This example shows how to calculate the cash equivalent of a fluctuating cheap loan account, using both the averaging method (see EIM26220) and the precise method (see EIM26230).

A director has a standing loan arrangement with the company for which he works. His withdrawals are used to pay his children’s school fees. The company charges him interest at 2% on the outstanding balance of his loan account, the interest being payable annually on 31 December, which is the company’s accounting date.

On 5 April in the year preceding the year of assessment the balance outstanding on his loan account with the company is £9,500. During the year of assessment he repays £900 on 30 June but on 1 October he draws a further £1,500 to pay school fees. He makes no further repayments and draws no further funds prior to the following 5 April, but on 31 December in the year of assessment he is charged £50, being the interest payable by him for the company’s accounting year to 31 December.

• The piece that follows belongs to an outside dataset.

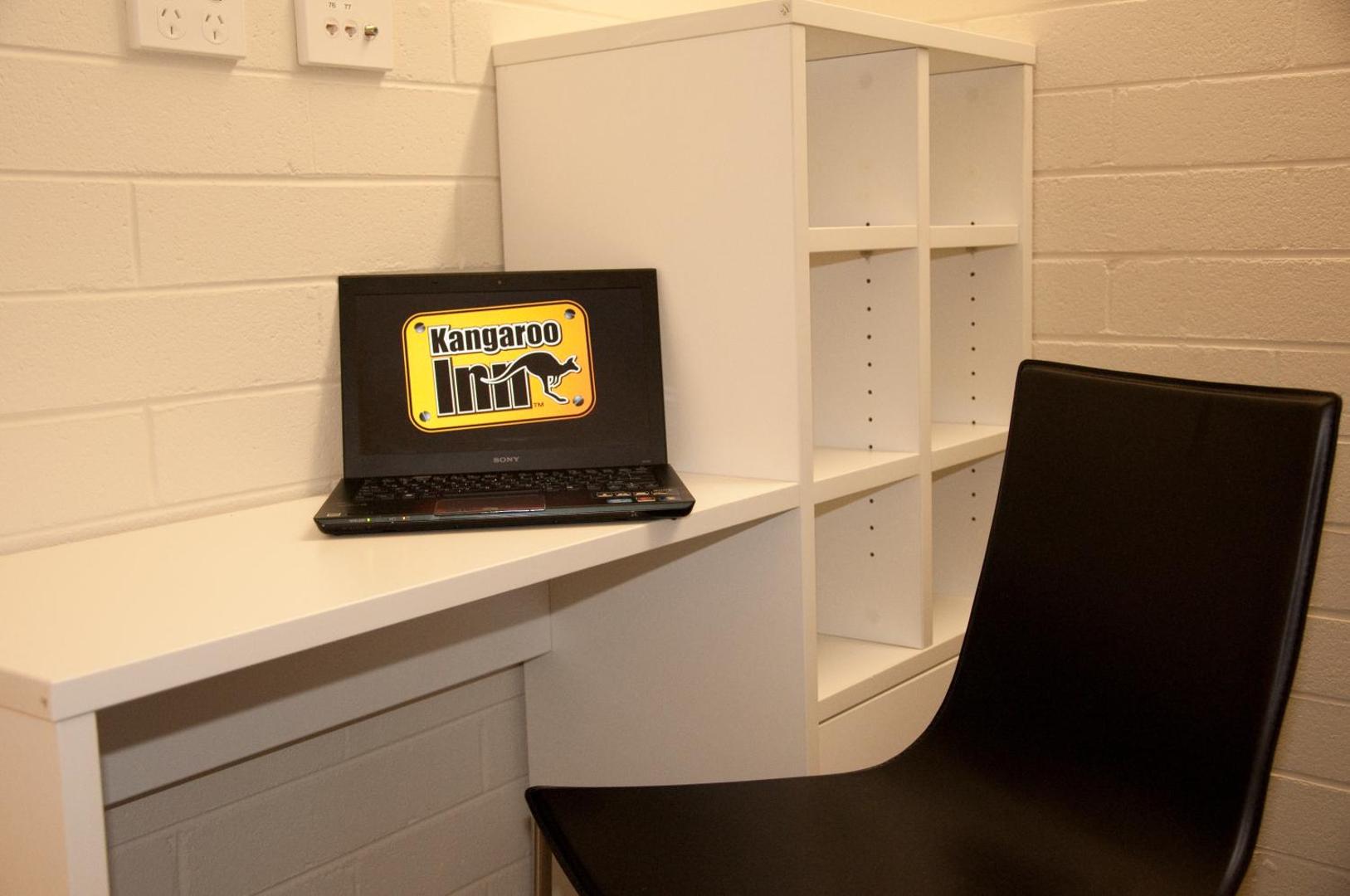 Kangaroo Inn - Hostel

The interest charge of £100 is met by deduction from his salary cheque for that month. No other loans are in existence.

The appropriate official rate was 4%.

Liability on the normal averaging method (see EIM26210)

            £
             
(9,500 + £10,100 / 2)          x       (12 / 12) x (4 / 100) = 392
Less interest paid 100          
Chargeable benefit 292          

Liability on the alternative precise method (see EIM26230)

Period Balance   £  
         
6 April to 30 June (86 days) £9,500 for 86 days at 4% = 89.53  
1 July to 30 September (92 days) £8,600 for 92 days at 4% = 86.70  
1 October to 5 April (187 days) £10,100 for 187 days at 4% = 206.98  
Total     383.21  
Less interest paid not eligible for relief 100.00      
Chargeable benefit 283.21 say £283    

The normal averaging method of calculation, which would be applied automatically, operates to the director’s disadvantage since his average loan over the year is about £9,580 and not £9,800 (£9,500 + £10,100/2).

Therefore, an election for the alternative precise method of calculation (see EIM26230) would be to his advantage.

Note that the interest paid by the director relates to the year ended 31 December and not to the tax year ended 5 April. Unless the director wishes to adopt the interest paid for the tax year you can regard the interest paid for the company’s accounting year ended in the tax year concerned as the interest paid for the relevant tax year (see EIM26252).

The additional loan of £1,500 taken out on 1 October is between the same lender and borrower and in the same currency as the existing loan. Neither loan is a qualifying loan (see EIM26137). The example assumes that each year the employer makes an election for aggregation (see EIM26180).

Exemption under Section 180(1)(b) ITEPA 2003 (see EIM26145) is not due because the total balance outstanding on the non-qualifying loans exceeds £5,000 at some time in the year of assessment.

The director will be treated as having paid £292 (or £283 if an election for the alternative precise method is made) interest on the loan in addition to the £100 actually paid. However this will have no effect on the final liability because none of the interest ranks for deduction or relief of any kind (see EIM26270).

The company may also be chargeable to tax under Section 455 CTA 2010 in respect of loans made to the director (see EIM26500).